- 1/2 cup drained oil-packed sun-dried tomatoes
- 1 pound asparagus, trimmed, cut on diagonal into 1/2-inch pieces
- 1 1/4 pounds uncooked shrimp, peeled, deveined
- 1/2 cup chopped fresh basil
- 2 large garlic cloves, chopped
- 1/2 teaspoon dried oregano
- 1/4 teaspoon dried crushed red pepper
- 1 3/4 cups canned low-salt chicken broth
- 1/2 cup dry white wine
- 2 tablespoons tomato paste
- 12 ounces penne pasta (or pasta of choice)
- 3/4 cup grated Parmesan cheese
Heat oil reserved from tomatoes in heavy large skillet over medium-high heat. Add asparagus and sauté until crisp-tender, about 5 minutes. Using slotted spoon, transfer asparagus to bowl. Add sun-dried tomatoes, shrimp, 1/4 cup basil, garlic, oregano, and crushed red pepper to same skillet and sauté until shrimp are just opaque in center, about 3 minutes. Transfer shrimp mixture to bowl with asparagus. Add broth, wine, and tomato paste to same skillet. Boil until sauce thickens slightly, stirring occasionally, about 6 minutes.

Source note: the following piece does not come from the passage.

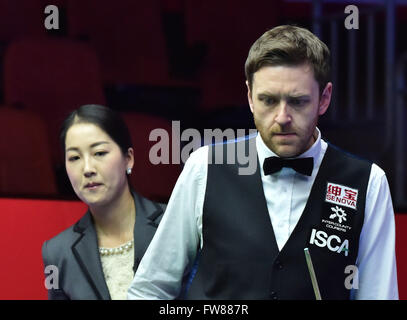 Beijing, Chine. 1er avril 2016. Ricky Walden (R) de l'Angleterre réagit lors du match contre sa compatriote Stuart Bingham à l'Open de Chine de Snooker mondiale de 2016 à Beijing, capitale de Chine, le 1er avril 2016. Crédit : Li Wen/Xinhua/Alamy Live News Banque D'Images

Cook pasta in large pot of boiling salted water until tender but still firm to bite. Drain; return pasta to same pot. Add shrimp mixture, sauce, remaining 1/4 cup basil, and cheese to pasta. Toss over medium heat until warmed through and sauce coats pasta. Season with salt and pepper and serve.